Más de 420 vecinos han mostrado su apoyo a una protesta que pone el foco en cuatro cuestiones principales: los continuos cierres de las playas por contaminación, la falta de limpieza, el deterioro de infraestructuras y mobiliario urbano y los problemas de mantenimiento de espacios públicos.
La contaminación de las playas, principal preocupación
Uno de los puntos que más preocupa a los residentes son los frecuentes episodios de contaminación que obligan a cerrar temporalmente las playas Norte y Sur.
La Asociación Cívica y Cultural de Port Saplaya lleva meses reclamando una solución estructural a los vertidos que afectan a la calidad del agua y denuncian que la situación perjudica tanto a los vecinos como a los visitantes y negocios de la zona.
Los residentes consideran que estos cierres se han convertido en una imagen habitual durante el verano y reclaman actuaciones definitivas para evitar nuevos episodios.
Quejas por la limpieza y el estado de la urbanización
Las críticas también se centran en el estado de conservación de la urbanización.
Los vecinos denuncian problemas de limpieza, deterioro de aceras, mobiliario urbano y zonas comunes, además de una falta de inversiones que, según sostienen, no se corresponde con la importancia turística y residencial de Port Saplaya.
Entre las reclamaciones también figura la necesidad de reforzar la seguridad y mejorar el mantenimiento de distintos espacios públicos.

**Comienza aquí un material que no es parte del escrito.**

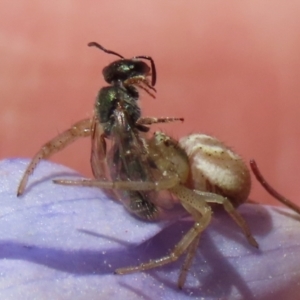 Lasioglossum (Homalictus) urbanum at Hume, ACT - 17 Apr 2022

Problemas en la piscina municipal
Otra de las cuestiones que ha alimentado el malestar vecinal durante este verano ha sido la situación de la piscina municipal de Pla de l'Estany.
La instalación tuvo que cerrar temporalmente el pasado mes de julio tras detectarse un episodio de contaminación fecal, una circunstancia que generó numerosas críticas entre los usuarios.
Los vecinos piden un plan de actuación
Los organizadores de las movilizaciones reclaman a las administraciones un plan de actuación concreto y transparente que incluya plazos y medidas para solucionar los problemas denunciados.
Además, insisten en que su objetivo no es la confrontación, sino abrir una vía de diálogo que permita mejorar la situación de una zona que cada verano multiplica su población y recibe a miles de visitantes.
El Ayuntamiento defiende las actuaciones realizadas
Por su parte, el Ayuntamiento de Alboraia ha mostrado respeto hacia las movilizaciones vecinales, aunque rechaza las acusaciones de abandono institucional.
Desde el consistorio recuerdan que se han impulsado diferentes actuaciones en los últimos años y aseguran que continúan trabajando para resolver algunas de las problemáticas planteadas por los residentes, si bien reconocen que todavía quedan mejoras pendientes.
Mientras tanto, las protestas continuarán durante el mes de agosto con nuevas concentraciones para mantener la presión sobre las administraciones y reclamar soluciones a una situación que los vecinos consideran insostenible.